Выбрать главу
Хожу я, как призрак, по саду, Медведицы ковш не кипит, и девушки с гривой пасутся,               но на пальчиках нету копыт!

По февралю

Давно, что, может быть, чуть слышно, среди озёр, где лунный тон, скажи, когда-нибудь счастливой, не отвечаю, и не то.
И жили мы, уже чужие, но всё же двое, а теперь, и маски гипсовой, тяжелой твоей вражды я не терпел.
Но в этот век мечтать о ветке из соловьев, — в который раз, как два сокамерника в клетке, и кто кому погасит глаз.
А может быть, еще возможно, я выну карту короля, а может быть, еще возьмёмся, я украду тебе коня.
И мы умчимся в Дом Надежды, и Смерть повесим на суку, и этот саван не наденут, в ногах лампаду не зажгут.
А может быть, конь бег убыстрит, иголкой спрячешься в саду, и не найдёт тебя Убийца, я выйду, что-нибудь солгу.
А может быть, обиняками я Коменданту стану друг, и твою карту обменяю, и твою пулю — мне дадут.
Моих литот, моих гипербол остался, может быть, стакан, уж на чешуях от гитары ещё поет тебе цыган.
О эти черные чешуи, как перья коршуна зари, в твоей стране живут чужие и лгут свои календари.
Давно уехали кибитки, и листопад лежит спиной, краплёных нет, все карты биты, и всё же ты побудь со мной.
За эти звуки горловые, моя цыганская звезда, кричали руки голубые, что не сойдутся никогда.
Я только руки отгибаю от умирающей груди, но эти руки голубые не отогнуть, не уходи.
Я чужеземец, и по крови никто, помощник, не придёт, я руки пальцами покрою, и этот холод отойдёт.
У нас все годы високосны, и нет ни завтра, ни потом, а эти стены высоченны, и не взорвать казенный дом.
Я эти стены обиваю безумным лбом, и у груди я эти руки обливаю, и обовью, — не уходи.
Не уходи, она посмеет тебя забрать по февралю, и плач постыдный и посмертный тебе, живой, я говорю.

«Если белый, как лунь…»

Если белый, как лунь, то бери черенок, окуная в лохань, я точу черный нож.
В кладовой на суку есть запас у меня, — положу и скую из цыганки коня.
Карта вынута треф, голенище войны, по решению Трех медь цыганской струны.
Всех, кто носит мундир, стремя льёт по углу, на цыганский манер я найду и убью.
Буду всякую ночь я стоять над страной, выйдут вон, выбьют нож, я зарежу струной.
Не за то, что у вас ненавидят цыган, а за то, что у вас бубна нет и цимбал.
Стой с кнутом по степи, мой цыганский патруль, птицу черную сбить — нет серебряных пуль!
Нет пчелиных свечей, наших ласк огневых, нет гортанных речей, чернооких гнедых.
Медь натянет романс у цыганской струны, — нет за то что у вас Андалузской луны! . . . . . . . . . . . . . . . . .
Но покрыты золой ноги, нож и стакан, и сидит, сам не свой, плачет старый цыган.
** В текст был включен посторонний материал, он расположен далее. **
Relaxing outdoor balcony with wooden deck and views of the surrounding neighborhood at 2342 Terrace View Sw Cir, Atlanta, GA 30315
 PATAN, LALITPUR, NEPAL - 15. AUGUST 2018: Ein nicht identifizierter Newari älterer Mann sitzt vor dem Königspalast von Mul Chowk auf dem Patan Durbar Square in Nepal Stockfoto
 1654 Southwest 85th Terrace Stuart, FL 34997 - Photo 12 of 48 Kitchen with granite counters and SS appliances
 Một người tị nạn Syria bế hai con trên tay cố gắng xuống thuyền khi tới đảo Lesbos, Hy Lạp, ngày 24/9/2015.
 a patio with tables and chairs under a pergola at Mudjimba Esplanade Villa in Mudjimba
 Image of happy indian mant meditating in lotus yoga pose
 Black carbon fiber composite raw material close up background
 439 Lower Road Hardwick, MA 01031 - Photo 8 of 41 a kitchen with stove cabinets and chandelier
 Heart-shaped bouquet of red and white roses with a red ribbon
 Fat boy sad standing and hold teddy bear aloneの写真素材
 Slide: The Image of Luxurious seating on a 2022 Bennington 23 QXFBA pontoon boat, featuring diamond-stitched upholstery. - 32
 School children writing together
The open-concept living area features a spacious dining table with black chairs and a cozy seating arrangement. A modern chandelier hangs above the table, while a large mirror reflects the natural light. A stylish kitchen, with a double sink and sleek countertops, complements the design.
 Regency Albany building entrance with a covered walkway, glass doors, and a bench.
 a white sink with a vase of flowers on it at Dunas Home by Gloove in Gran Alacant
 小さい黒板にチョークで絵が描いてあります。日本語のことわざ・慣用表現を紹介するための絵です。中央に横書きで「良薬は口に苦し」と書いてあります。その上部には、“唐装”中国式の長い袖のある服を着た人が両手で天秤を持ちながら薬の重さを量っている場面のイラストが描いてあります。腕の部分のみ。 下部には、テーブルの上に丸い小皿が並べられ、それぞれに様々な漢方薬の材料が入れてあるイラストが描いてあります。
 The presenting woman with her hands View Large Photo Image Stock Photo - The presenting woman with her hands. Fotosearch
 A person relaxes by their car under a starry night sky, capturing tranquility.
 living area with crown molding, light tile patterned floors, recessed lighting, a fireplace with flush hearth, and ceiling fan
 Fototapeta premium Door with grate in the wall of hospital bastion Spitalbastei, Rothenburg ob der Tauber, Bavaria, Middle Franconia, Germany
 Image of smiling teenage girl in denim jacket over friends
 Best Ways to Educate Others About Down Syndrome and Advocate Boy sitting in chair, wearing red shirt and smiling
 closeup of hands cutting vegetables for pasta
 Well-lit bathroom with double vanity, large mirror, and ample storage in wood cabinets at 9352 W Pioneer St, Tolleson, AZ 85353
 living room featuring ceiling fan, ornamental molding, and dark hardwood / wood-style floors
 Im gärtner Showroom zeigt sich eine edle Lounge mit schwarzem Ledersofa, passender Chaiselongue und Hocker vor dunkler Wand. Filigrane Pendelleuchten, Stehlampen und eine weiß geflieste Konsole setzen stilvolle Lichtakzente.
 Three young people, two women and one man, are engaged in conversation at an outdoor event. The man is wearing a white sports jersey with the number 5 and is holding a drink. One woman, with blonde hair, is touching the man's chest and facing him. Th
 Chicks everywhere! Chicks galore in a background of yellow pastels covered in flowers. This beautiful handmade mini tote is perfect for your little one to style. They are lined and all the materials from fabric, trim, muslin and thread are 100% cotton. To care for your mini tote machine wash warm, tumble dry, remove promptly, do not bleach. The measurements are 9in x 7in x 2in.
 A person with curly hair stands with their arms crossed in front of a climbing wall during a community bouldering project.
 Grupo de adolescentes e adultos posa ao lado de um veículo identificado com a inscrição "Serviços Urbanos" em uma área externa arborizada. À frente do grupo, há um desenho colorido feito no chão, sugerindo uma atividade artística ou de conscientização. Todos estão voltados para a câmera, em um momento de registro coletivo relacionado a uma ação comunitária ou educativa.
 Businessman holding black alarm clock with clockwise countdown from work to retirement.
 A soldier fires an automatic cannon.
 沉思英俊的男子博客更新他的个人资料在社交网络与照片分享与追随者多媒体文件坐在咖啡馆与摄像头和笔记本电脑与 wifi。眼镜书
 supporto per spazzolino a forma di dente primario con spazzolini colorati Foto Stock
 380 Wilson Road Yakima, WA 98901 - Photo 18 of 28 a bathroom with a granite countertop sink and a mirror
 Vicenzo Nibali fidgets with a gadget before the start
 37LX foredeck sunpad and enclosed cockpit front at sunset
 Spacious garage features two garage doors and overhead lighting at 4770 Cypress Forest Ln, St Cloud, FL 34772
«Розы, как птицы, меня окружают, листами махая…»

Розы, как птицы, меня окружают, листами махая, трогаю, и шипят, и кусают, рты разевая. Птицы, как лодки, меня окружают и как парашюты десанта, веслами бьют и, приседая на крыше, стреляют из ружей, окна открыты с луной, коршуны, жаворонки, чайки и цапли вьются у горла веревкой, в рот набиваются паклей. Снится, что я черная птица, лечу как чугунный, снизу охотник стреляет, а пули из воска и тают, как капли, и падают в бездну. И,   опрокинуты когти,                     падаю в бездну.